An engraving of author Jane Austen (1775-1817) after an original...

An engraving of author Jane Austen (1775-1817) after an original family portrait, circa 1873 by Johnson Wilson & Co., Publishers. Credit: Library of Congress Print/

DEATH COMES TO PEMBERLEY, by P.D. James. Alfred A. Knopf, 291 pp., $25.95.

First we had "Pride and Prejudice and Zombies." Now we get Pride and Prejudice and the Living Dead. At least that's what P.D. James' sequel to the Jane Austen classic could be called, given the lifelessness of its characters.

"Death Comes to Pemberley" certainly seemed like a good idea when it was announced earlier this year that the grand dame of crime fiction had written a murder mystery featuring Austen's "P&P" characters. James figuratively -- and at 91, almost literally -- has one foot in the 19th century, with crime solver Adam Dalgliesh emulating the Romantics in his poetry, and the other in contemporary times, with her psychologically astute portraits of the darker side of the way we live and die.

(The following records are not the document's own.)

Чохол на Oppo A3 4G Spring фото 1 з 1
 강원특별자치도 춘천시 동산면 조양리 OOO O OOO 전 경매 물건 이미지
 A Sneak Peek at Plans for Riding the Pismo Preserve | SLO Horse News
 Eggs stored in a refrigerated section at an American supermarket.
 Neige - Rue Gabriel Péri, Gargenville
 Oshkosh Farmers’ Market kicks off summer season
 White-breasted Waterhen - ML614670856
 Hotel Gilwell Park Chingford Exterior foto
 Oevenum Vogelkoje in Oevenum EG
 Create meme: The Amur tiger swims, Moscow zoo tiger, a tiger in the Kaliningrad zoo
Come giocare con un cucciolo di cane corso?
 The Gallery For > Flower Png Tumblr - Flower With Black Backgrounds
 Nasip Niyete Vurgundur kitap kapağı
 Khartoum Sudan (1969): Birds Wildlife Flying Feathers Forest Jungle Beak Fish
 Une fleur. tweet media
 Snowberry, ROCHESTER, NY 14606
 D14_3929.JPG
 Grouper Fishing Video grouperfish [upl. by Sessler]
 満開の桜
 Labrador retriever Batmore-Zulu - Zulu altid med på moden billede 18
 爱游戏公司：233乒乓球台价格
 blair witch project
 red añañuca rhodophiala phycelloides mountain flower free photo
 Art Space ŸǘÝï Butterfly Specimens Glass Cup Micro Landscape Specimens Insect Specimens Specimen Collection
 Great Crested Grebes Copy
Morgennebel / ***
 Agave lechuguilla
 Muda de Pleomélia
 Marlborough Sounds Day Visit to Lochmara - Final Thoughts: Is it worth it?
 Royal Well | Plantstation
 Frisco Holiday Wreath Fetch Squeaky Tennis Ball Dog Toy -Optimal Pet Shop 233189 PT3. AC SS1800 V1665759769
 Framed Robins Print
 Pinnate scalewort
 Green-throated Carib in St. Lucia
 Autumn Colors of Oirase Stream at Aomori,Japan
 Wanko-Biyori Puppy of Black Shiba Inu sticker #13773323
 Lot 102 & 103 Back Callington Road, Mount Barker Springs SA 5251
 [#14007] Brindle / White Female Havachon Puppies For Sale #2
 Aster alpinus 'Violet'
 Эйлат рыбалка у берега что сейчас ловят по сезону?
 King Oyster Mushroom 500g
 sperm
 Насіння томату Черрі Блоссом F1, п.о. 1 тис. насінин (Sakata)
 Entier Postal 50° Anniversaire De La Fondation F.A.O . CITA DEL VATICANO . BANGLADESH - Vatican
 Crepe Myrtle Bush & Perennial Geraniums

But here she finds herself in no man's land, as so many writers do in applying their skills to another writer's characters. By being so respectful of the enigmatic Darcy and the ebullient Elizabeth, James mummifies them. You don't want them to enter into a ménage a trois -- well, you sort of do, halfway through this book -- but couldn't she have given them some spark? And given us some reminder of what great adversaries they were before they tied the knot, a la Beatrice and Benedick from "Much Ado About Nothing"?

Instead of feeling some pang for her old flame, Wickham (who married her sister Lydia), Elizabeth now feels "self-disgust" over her past attraction. And instead of her former wry wit in "P&P," now her "heart was so full of love for her husband and trust in his judgment that there could be no room for criticism."

Come on, Lizzy, show some of that old spirit instead of this dreary deference to Darcy -- maybe an "Oh, Fitzwilliam, you can be such a prig." As it is, the couple and the story are so humor-impaired that "Death Comes to Pemberley" seems like an antimarriage tract. They do have a murder to attend to, but that didn't keep the spice out of Dashiell Hammett's Nick and Nora.

What about that mystery? Wickham and Lydia are traveling by coach to Pemberley when his friend, Captain Denny, bolts out of the carriage. Wickham goes after him and, when he's discovered with Denny's corpse, says he's responsible. That's taken as an admission, and Wickham is charged with the murder.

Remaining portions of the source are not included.